Friends of ‘livestock friendly’ eye new approach

By ART HOVEY / Lincoln Journal Star | Posted: Saturday, October 3, 2009 11:30 pm |

So far the cows aren't coming home.

Despite the maroon and gold welcome signs posted along highway entry points, eight of the 11 counties designated as "livestock friendly" by the Nebraska Department of Agriculture between 2005 and January 2009 had lower cattle numbers entering this year.

That includes Morrill County, home of Chimney Rock and the first county to qualify for the state designation in 2005. The county began that year with an estimated 161,000 cattle, according to the Lincoln office of the National Agricultural Statistics Service, and started this year with 155,000.

Gov. Dave Heineman flew to Bridgeport to congratulate the first county to go on the list and said it "serves notice across this great state that Morrill County is open for agricultural business."

Proponents of the program had hoped a welcoming attitude might matter in where new livestock operations located and others expanded. Now there's a push for a revolving loan fund or some other type of financial incentive to accomplish that mission.

The program is patterned after the approach used by the state Department of Economic Development. The idea is to identify specific and - in the case of livestock - relatively isolated sites that could add clout to the state's livestock economy without encroaching on the quality of life of other rural residents.

Sen. Ken Schilz, whose family has a long history in the cattle-feeding business in the Ogallala area, is among the believers in the benefits that could come with financial incentives.

"At first, we wanted to tie it to 'livestock friendly,'" Schilz said. "But as we've looked at it, if it brings livestock to any part of the state, we wouldn't be against that at all."

There have never been any financial incentives attached to the "livestock friendly" pitch. Four years after the program's debut, its friends in and outside state government say its symbolic appeal has been trumped by droughts that dried out pastures and other factors.

"Given the economic times, I don't know that it proves out today," said Steve Martin of the agricultural promotions staff at the Nebraska Department of Agriculture. "But when things do turn around, I think they'll be in a better position to move forward with what they want to do."

It's not possible to measure county-by-county results from a pork perspective, because federal statistics gatherers no longer count snouts on a county basis.

Meanwhile, 80 counties remain outside the livestock friendly fold. And several of the state's most prominent cattle counties, including Cuming, Custer and Dawson, started the year with higher numbers than in 2005 and without a livestock welcome mat.
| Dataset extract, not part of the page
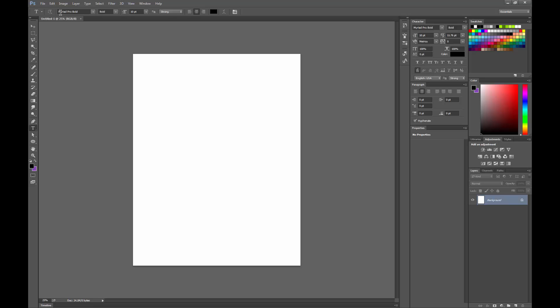If you want, you can pre-define a particular font that you like. I like Myriad Pro. Don't worry about the size unless it's super tiny. Just tap and we'll put in some type. I'm going to put in my website here.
Craig Head of the Nebraska Farm Bureau Federation, the state's largest farm organization and part of the "livestock friendly" cheering section, doesn't regard its early effect - or lack of effect - as a matter of major significance.

He described livestock as "a pretty cyclical business" and said there could be "a lot of different reasons" for results in individual counties.

Ginger Langemeier, second in command at the state Department of Agriculture, agrees.

"If we want to talk about these numbers," Langemeier said, "I don't think we can look at it as 'livestock friendly' alone. I think we have to talk about it in trends."

Right now, for example, Texas is feeling the drought pressure, "so they now have a number of cows leaving the state coming to Nebraska."

What's more important to Head and others than the state's early experience with "livestock friendly" is what happens from here in capitalizing on the state's livestock-related strong points, including the availability of grain byproducts from some two-dozen ethanol plants.

"If you're in California or Texas and there's urban sprawl all around you," Head said, Nebraska might be the place to be. And designated locations, paired with financial incentives, could be "a different twist on livestock development in a way we've never looked at it before, as economic development."

John Hansen, president of the Nebraska Farmers Union, is all for expanding the livestock economy, but he prefers certain approaches to others. He also prefers that it gets done on the basis of county land-use plans that were crafted with community input.

"We're generally supportive of efforts to look for ways to incent family farm, traditional farmer-owned facilities," Hansen said. "We're not interested in turning Nebraska into the new version of the North Carolina North or South of hog or cattle development."

So far, counties have been able to get the "livestock friendly" designations without major land-use adjustments.

But that's not to say that North Carolina's corporate-style hog growth hasn't been on some people's agendas, according to Hansen.

"What the vertical integrators and the mega-operations have wanted for a long time is a predetermined road map of where they go.

"We call it 'the plug and play' type of development system," he added, "where you've already got a pre-determined free zone where you can go and plug in your operation. And you don't have to worry about local folks being opposed, because you're already good to go."

The possibilities of an accompanying corporate overlay are more of a risk now that Initiative 300, the state's anti-corporate farming law, has succumbed to court challenge, he said.

"And we're not going to support that."